I know you are reading the above and thinking how could Hilton charge $20,000.00 when the above and others say I can buy the very same product resale for $2,000.00 OR LESS (except the ability to get to elite which is in my opinion worthless anyway). You are probably further thinking this can't be a comparison of apples to apples. But it is. The timeshare retail market is the wild west. Rescind and then get educated. Fortunately I found TUG before I bought and purchased my one and only Hilton timeshare resale (7,000 annual platinum points) in 2010 for about $1.00/point with annual usage. We enjoy it very much and believe our resale purchase was good value. The program is a good one particularly if you can avoid buying retail.


----------



## JIMinNC (Feb 27, 2018)

I concur with the above recommendations. Rescind. We just completed the purchase of an every year 7000 point resale package for $6500 plus transfer fees and closing costs. "All in" cost including closing and transfer/activation fees for 7000 points was about $8000. Our annual maintenance fee is about $1,100. Ours was at HGVC Sea World, but in HGVC, in *most* cases, points are points, so it doesn't matter that much where you own.


----------



## GT75 (Feb 27, 2018)

+1 to everyone else.    Rescind.    You really need to research first before you buy.     In addition, you can always buy from the developer (which you won't) at any time.     Basically, HGVC is a good product but you can buy it on the resale market for a lot less.   

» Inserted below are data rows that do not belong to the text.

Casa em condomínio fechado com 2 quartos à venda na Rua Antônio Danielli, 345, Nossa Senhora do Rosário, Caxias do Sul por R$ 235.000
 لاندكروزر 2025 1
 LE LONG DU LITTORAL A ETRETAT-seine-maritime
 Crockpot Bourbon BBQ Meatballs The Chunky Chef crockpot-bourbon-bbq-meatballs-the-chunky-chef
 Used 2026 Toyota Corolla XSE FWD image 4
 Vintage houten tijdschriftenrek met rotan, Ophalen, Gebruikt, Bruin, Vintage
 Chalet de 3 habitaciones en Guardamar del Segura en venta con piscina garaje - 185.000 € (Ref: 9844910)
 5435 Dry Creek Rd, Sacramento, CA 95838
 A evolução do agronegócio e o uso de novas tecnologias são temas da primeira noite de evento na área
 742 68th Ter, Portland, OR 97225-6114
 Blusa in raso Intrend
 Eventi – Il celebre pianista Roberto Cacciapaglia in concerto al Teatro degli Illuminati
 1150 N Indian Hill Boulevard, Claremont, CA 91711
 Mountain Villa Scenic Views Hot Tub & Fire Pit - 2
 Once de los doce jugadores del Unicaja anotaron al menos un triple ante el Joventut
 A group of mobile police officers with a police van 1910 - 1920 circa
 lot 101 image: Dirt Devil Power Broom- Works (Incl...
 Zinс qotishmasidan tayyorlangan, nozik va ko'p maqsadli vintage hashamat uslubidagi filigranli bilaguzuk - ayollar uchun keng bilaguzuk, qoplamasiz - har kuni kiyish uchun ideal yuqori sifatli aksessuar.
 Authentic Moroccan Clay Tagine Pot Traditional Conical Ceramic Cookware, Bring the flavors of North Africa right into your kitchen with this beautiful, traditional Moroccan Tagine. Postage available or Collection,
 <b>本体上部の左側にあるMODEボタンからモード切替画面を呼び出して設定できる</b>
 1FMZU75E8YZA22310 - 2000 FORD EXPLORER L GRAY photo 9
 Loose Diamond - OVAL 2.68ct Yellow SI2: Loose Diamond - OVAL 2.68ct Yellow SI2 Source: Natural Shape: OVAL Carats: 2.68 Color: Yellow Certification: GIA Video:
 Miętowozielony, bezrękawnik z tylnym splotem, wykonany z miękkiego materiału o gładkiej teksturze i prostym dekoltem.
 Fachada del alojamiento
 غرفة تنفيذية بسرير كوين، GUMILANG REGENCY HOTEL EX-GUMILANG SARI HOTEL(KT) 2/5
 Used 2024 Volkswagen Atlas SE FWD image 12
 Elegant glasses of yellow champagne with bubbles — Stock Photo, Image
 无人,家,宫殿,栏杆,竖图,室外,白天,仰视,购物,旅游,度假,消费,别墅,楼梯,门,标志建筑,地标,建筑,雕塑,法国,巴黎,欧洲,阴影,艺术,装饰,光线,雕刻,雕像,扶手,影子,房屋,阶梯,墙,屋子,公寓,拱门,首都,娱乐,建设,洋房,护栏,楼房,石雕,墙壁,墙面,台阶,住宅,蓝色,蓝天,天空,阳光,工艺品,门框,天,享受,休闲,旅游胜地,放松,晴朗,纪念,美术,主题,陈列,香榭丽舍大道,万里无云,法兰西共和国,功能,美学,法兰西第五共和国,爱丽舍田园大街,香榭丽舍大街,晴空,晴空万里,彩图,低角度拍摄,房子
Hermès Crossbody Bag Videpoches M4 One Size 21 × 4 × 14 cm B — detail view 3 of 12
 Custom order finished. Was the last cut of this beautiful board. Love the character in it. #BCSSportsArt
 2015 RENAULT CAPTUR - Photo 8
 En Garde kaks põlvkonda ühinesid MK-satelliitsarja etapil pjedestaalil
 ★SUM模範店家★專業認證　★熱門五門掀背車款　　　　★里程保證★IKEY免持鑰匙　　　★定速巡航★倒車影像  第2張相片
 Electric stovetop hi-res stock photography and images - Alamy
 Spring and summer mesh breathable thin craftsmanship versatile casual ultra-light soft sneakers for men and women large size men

In addition, you really will probably need more points (JMO) to make it more useful and your MFs/point ratio is too high for the package sold.    But, you really need to research all that first.    Maybe HGVC isn't the right product for you.


----------



## Mosescan (Feb 27, 2018)

For your information to help you understand how HGVC works. The maintenance fees are based on unit size not season so your 5000 point 2 BR gold unit has the same maintenance fees as a 7000 point 2 BR platinum unit except they get 40% more points for the same fees.

Don't feel too bad, I bought my first week from the developer just like you. Unlike you, I found TUG way to late to rescind. I recently purchased a 9600 point 3 BR Plus platinum unit for $11200 with Main fees of around $1200. this means for half what you spent I get almost twice as many points with only 50% more maint fees. The resale market is definitely the place to get your points from. The only perk you don't get from buying resale is the Elite status. That is not really worth very much, certainly not worth paying developer costs. The only good perks come at elite premiere level for which you need 34000 annual points purchased from HGVC so you can imagine how much that would cost!

Rescind now and do some research and if you are still interested buy from the resale market. You will even find the names of some good resale agents to use here on TUG like Judi Kozlowski, who is a remax agent in florida.

Good luck,


----------



## Arimaas (Feb 27, 2018)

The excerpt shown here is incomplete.